カラヴァッジョ(本名 ミケランジェロ・メリージ)《音楽家たち》1597年 ニューヨーク、メトロポリタン美術館 Rogers Fund, 1952 / 52.81
フェルメールは市民の日常を描いた風俗画が有名ですが、この作品は異例といえる寓意画。晩年に描かれた作品です。
キリストの磔刑の絵画を背に、女性が胸に手を当てる仕草は心のなかの信仰を示し、地球儀を踏む動作はカトリック教会による世界の支配を示唆するものとされています。

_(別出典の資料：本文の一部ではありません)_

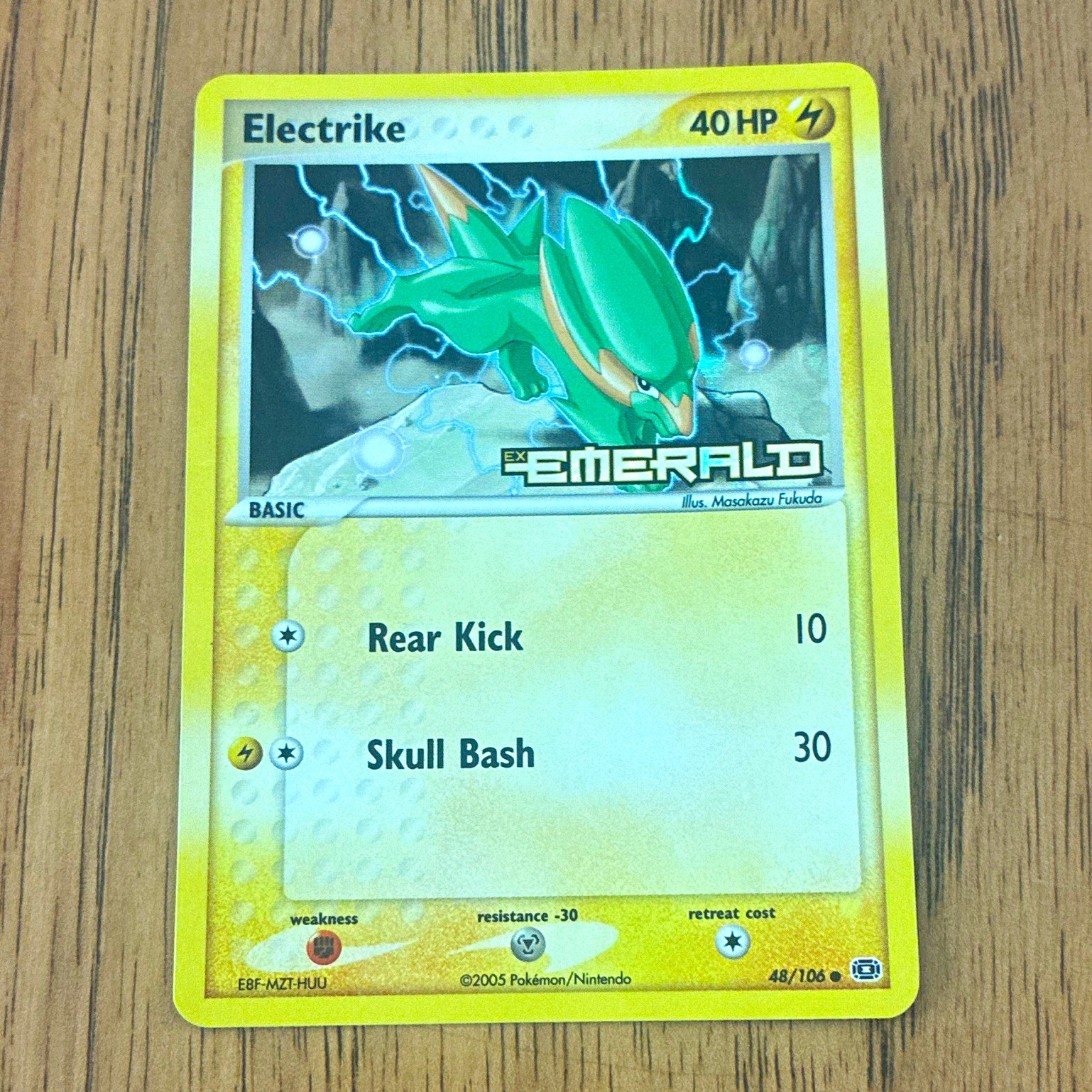 Pokemon TCG Electrike 48/106 EX Emerald Reverse Holo 40 HP 2005 English Pokemon TCG Electrike 48/106 EX Emerald Reverse Holo 40 HP 2005 English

ヨハネス・フェルメール《信仰の寓意》1670-72年頃 ニューヨーク、メトロポリタン美術館 The Friedsam Collection, Bequest of Michael Friedsam, 1931 / 32.100.18
第3章は「革命と人々のための芸術」。ヨーロッパ全土に近代化の波が押し寄せた19世紀。市民社会は大きく発展し、絵画の世界にも数々の革新がもたらされました。
絵画史に大きな足跡を残したのが、ポール・セザンヌ。机は傾き、壁は歪んでいるように見えるその作品はあまりにも斬新で、当時の大衆には受け入れられませんでしたが、20世紀初頭の前衛芸術に大きな影響を及ぼしています。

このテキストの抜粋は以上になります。